Signage and noise
A signage, refers to the design or use of sign and symbols to communicate a message to a specific group, usually for the purpose of marketing or a kind of advocacy.
The main purpose of signs is to communicate, to convey information such that the receiver may make cognitive decisions based on the information provided.
In general, signs may be classified according to the following functions:
Signs conveying information about services and facilities, such as maps, directories, or instructional signs.
Signs showing the location of services, facilities, functional spaces and key areas, such as sign posts or directional arrows.
Signs indicating services and facilities, such as room names and numbers, restroom signs, or floor designations.
Safety and Regulatory
Signs giving warning or safety instructions, such as warning signs, traffic signs, exit signs, or signs conveying rules and regulations.
The snippet above is a definition of signage taken from Wikipedia.
Visibility is very important in increasing consumer awareness and interest. It not only depends on the strategic placements of products in the market but also the location of the establishment and the attractiveness of the signage as well.
Simplicity is key
Attractiveness is obviously important to increasing consumer awareness but one must remember that it is not the only factor that matters. Here are some pointers to consider when designing ( signage):
Get their brand guide and follow it.
Big corporations take their brand look very seriously, as should all companies. Their colour red is a specific shade of red and the slightest variation in shade will not go unnoticed.
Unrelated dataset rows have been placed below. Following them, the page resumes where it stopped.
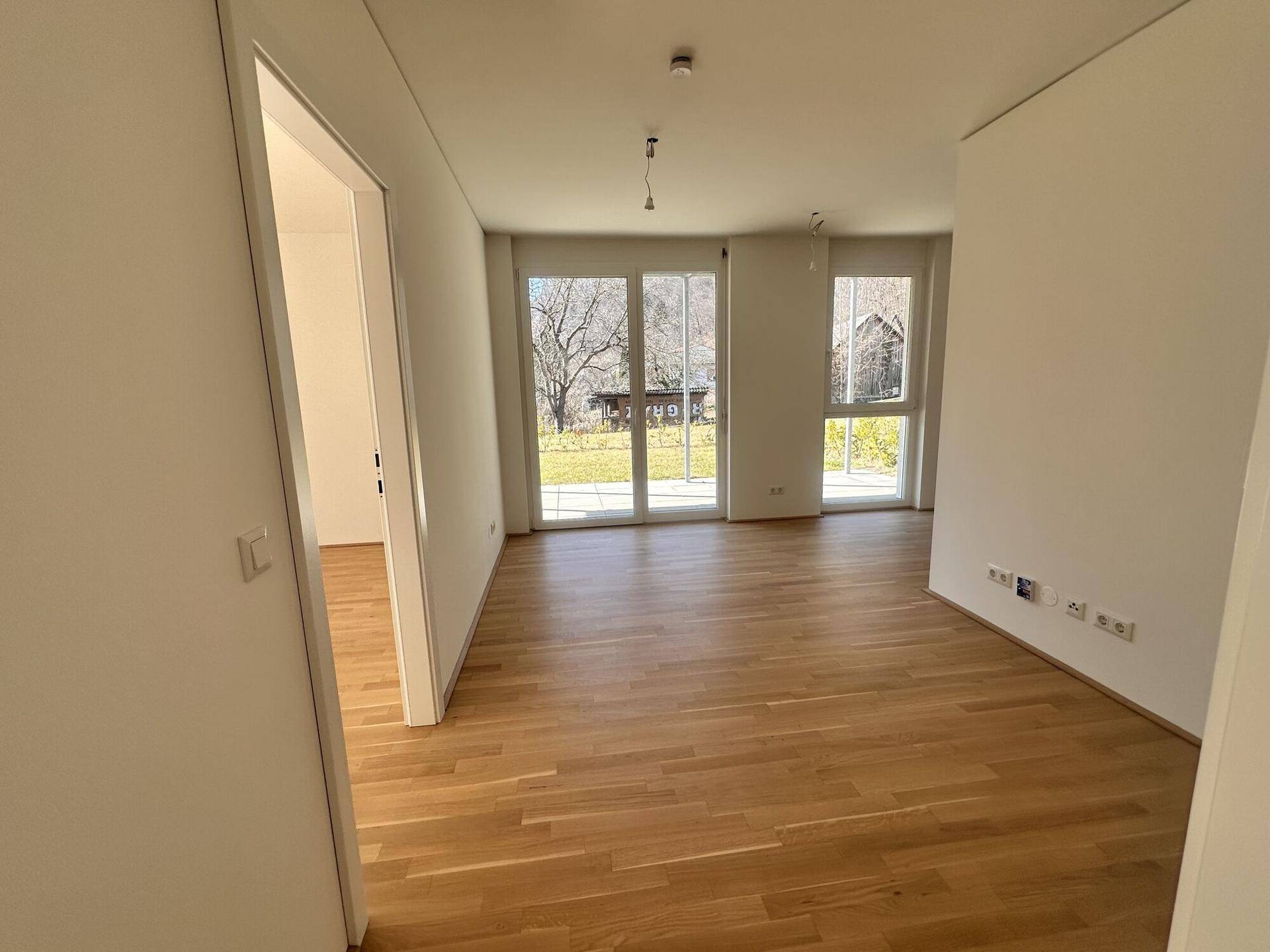 Geräumiger, heller Raum mit Holzboden und mehreren Fenstern zum Garten.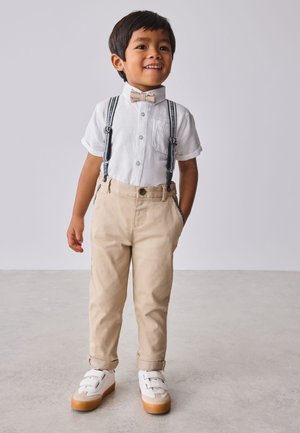 Jonge jongen glimlacht, draagt wit overhemd, beige strikje, bretels, beige broek en witte sneakers, staand op een lichtgrijze vloer.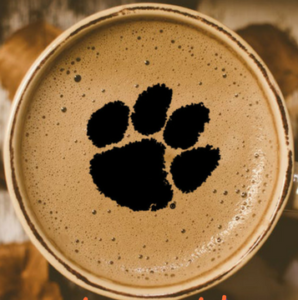 A round coffee mug with the paw logo in the foam.
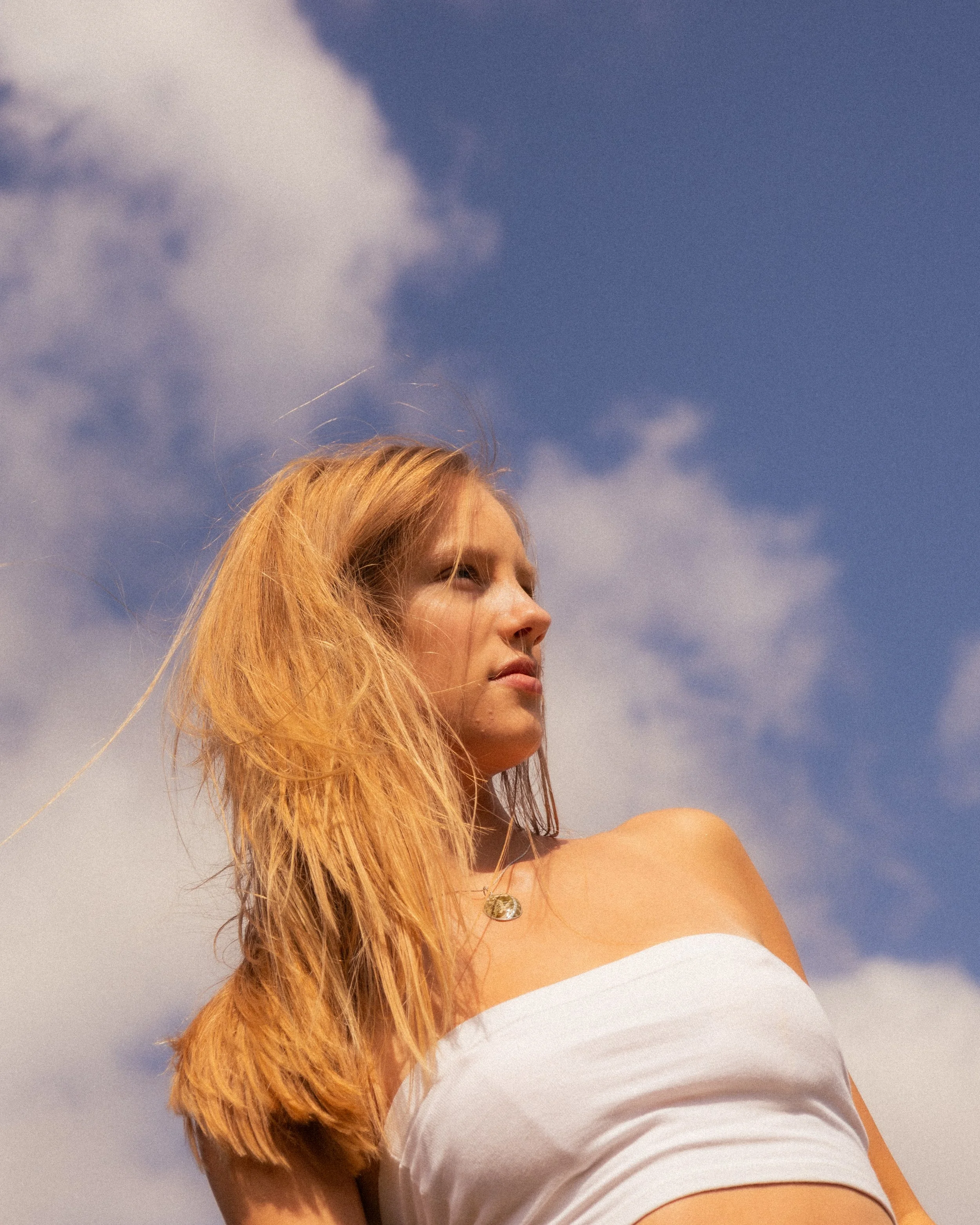 A young woman with long, wavy, blonde hair looking into the distance against a partly cloudy sky.
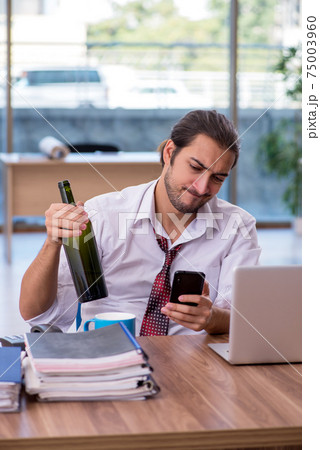 Young male alcohol addicted employee working in the office 75003960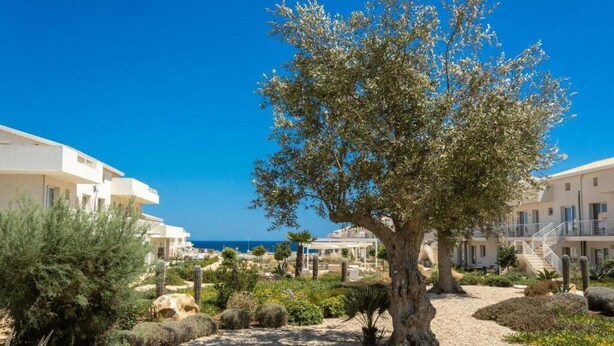 Een hotel in mediterrane stijl met een centrale binnenplaats met bomen, terrasplekken en uitzicht op zee.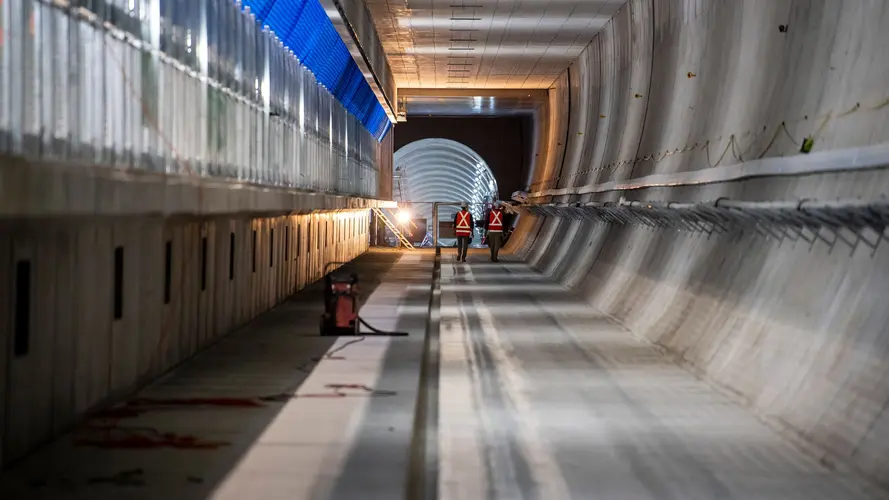 A view of two construction workers walking inside the underground tracks at Victoria Cross Station.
Treat the signage as a communication tool
As an important communication tool, your signage should be able to efficiently convey the message you want to get across. The signages should be big enough to read even from afar and even though the designer might not have any control over this, it is still your duty to convey a message. Make sure that even at a considerable distance, people will be able to read it.
Execute the brand
Even if this is not demonstrated in their brand guide, study the logo and how the brand feels and works. Make suggestions, and then design based on their feedback. Always ask yourself if the extra swirls and circles are paramount.
Is this necessary or creating noise?
Incorporate the qualities of the brand
A brand which views itself as simple, down to earth etc, will not appreciate loud colours and busy designs. Rather, go for more white with hints of their brand colours. On the other hand, certain brands appreciate the vivaciousness. Just remember that one way doesn’t cut across for every brand.
Go straight to the point
The challenge is how to keep everything short and concise and at the same time create the desired impact. Ask yourself how much someone driving past your sign will be able to consume. Always picture this when designing an informational sign:
“What is the most important message on this sign?”
I have come across several billboards with so much information that I always never get to the important information early enough till I have to move.
Yes, some clients are stubborn (and I hope some are reading this). It is the job of the designer to advise the client on what is functional and what is not. As a designer, you wound your reputation by associating yourself with the “that’s what the client wanted” sort of designs. Another client with a better appreciation of design will probably be turned off, not knowing you were only doing what the client wanted.
The era of pretty designs is over. The era we are in now is designing to convey a message and make an impact in the consumer’s mind ergo functional design; THE ERA OF MINIMALISM.
Save the crowded information for newspapers or posters or social media, where people will have the time to read. Save the fanciful designs for brands that actually need fanciful designs for their brand to work … and most importantly, give me less to things to laugh about on my way to work.